Robotics AI Will Be Built on Specialized Data, Programs Building That Data Now Have a Real Advantage

Investment in embodied AI and robotics surged to over $1 billion annually by 2024, with specialized training data becoming the primary bottleneck, as foundation models struggle to adapt from simulated or internet-based datasets to real-world physical tasks. Experts warn that millions of hours of annotated, multi-sensor datasets—captured under deployment conditions like variable lighting or material deformation—are needed to bridge this gap, and synthetic data alone cannot fully replicate real-world variability.

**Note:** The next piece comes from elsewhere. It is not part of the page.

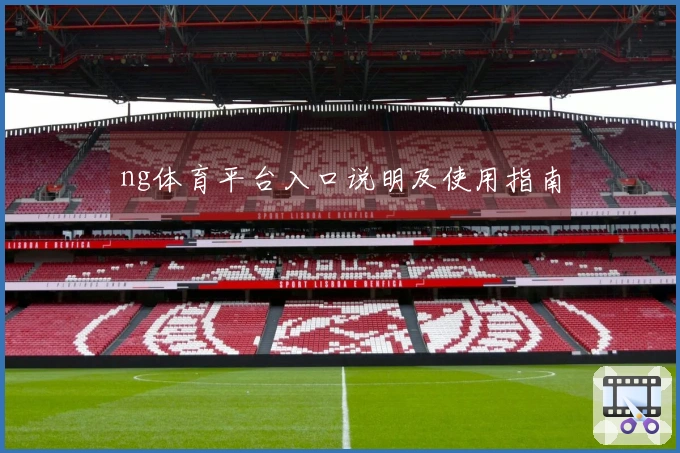 ng体育平台入口说明及使用指南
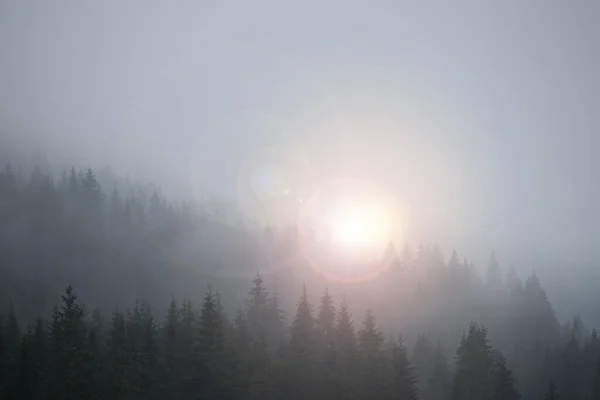 Floresta Nebulosa Pela Manhã Skittish Atmosfera Mágica — Fotografia de Stock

Investment in general-purpose robotics and embodied AI grew fivefold between 2022 and 2024, exceeding $1 billion annually, according to McKinsey’s report on embodied AI. While hardware limitations like sensor costs and computational power once hindered progress, the new barrier is training data—robots require billions of physical interaction examples to function reliably in real-world environments like warehouses or hospitals, unlike language or vision models that rely on internet-scale datasets. The lack of standardized, large-scale robotics datasets is a critical challenge, as embodied AI cannot scrape data like other AI fields. Steve Nemzer, Senior Director of AI Research at TELUS Digital, notes that only a fraction of the required data exists today, and millions of hours of annotated, multi-sensor datasets—captured from a robot’s perspective—are needed. These datasets must include synchronized inputs like cameras, LiDAR, radar, touch, and audio to handle tasks such as manipulating sheet metal or navigating occluded spaces. Researchers from 21 institutions recently pooled data across 22 robot platforms, covering 527 skills and 160,266 tasks, to develop the RT-X model. While cross-platform training proved effective, the dataset still represents a small fraction of what production deployments demand. Nemzer emphasizes that synthetic data can supplement gaps but cannot replace real-world data, which is essential for teaching robots to handle sensor artifacts or adversarial conditions. The ‘specialized’ data in robotics differs from other AI fields by requiring egocentric, multi-sensor inputs—including force and torque feedback—for precise tasks like plugging cables or peeling labels. Unlike web-based datasets, robotics data must account for real-world variables such as lighting changes, partial occlusion, and unpredictable material interactions. McKinsey’s report highlights that foundation models trained on internet data fail when applied to physical tasks, underscoring the need for deployment-specific datasets to ensure reliability.
This content was automatically generated and/or translated by AI. It may contain inaccuracies. Please refer to the original sources for verification.